Clone the repository and create the environment from the provided spec file.

git clone https://github.com/ResXR/resxr-python-pipeline.git
cd resxr-python-pipeline
conda env create -f environment.yml
conda activate resxr_env

Creates the resxr_env environment and installs the package (non-editable).

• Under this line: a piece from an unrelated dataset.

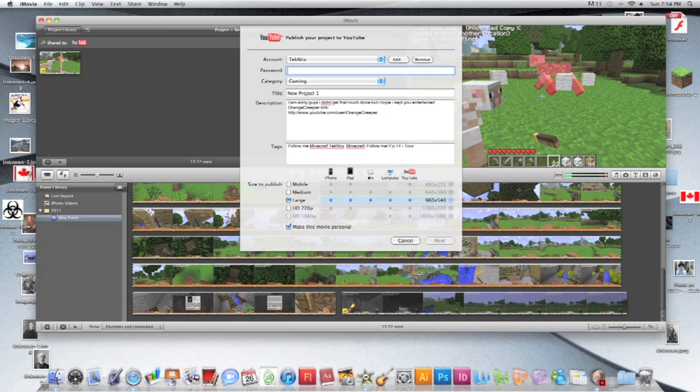If you want your video to be private, you press make this movie personal. If you want it not to be private, don't press that. So basically that is it.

git clone https://github.com/ResXR/resxr-python-pipeline.git
cd resxr-python-pipeline
conda env create -f environment-dev.yml
conda activate resxr_dev

Creates the resxr_dev environment, installs the package in editable mode with the [dev] extra, and adds pytest and ruff.

Option 2 — uv

git clone https://github.com/ResXR/resxr-python-pipeline.git
cd resxr-python-pipeline
uv sync --all-extras

This is the workflow used in CI. It creates a virtual environment from uv.lock with all dependencies, including dev extras.

Verify the install

resxr --version

This prints ResXR <version>. You can also run the package as a module:

python -m resxr --version

Running the tests

The project ships an extensive pytest suite (BIDS writers, readers, splitter, validation checks, config, and a full end-to-end integration test).

uv run pytest
pytest

Linting

The codebase uses Ruff for linting and formatting (line length 100). CI runs ruff check . and ruff format --check on every pull request, alongside the test suite, on Python 3.10.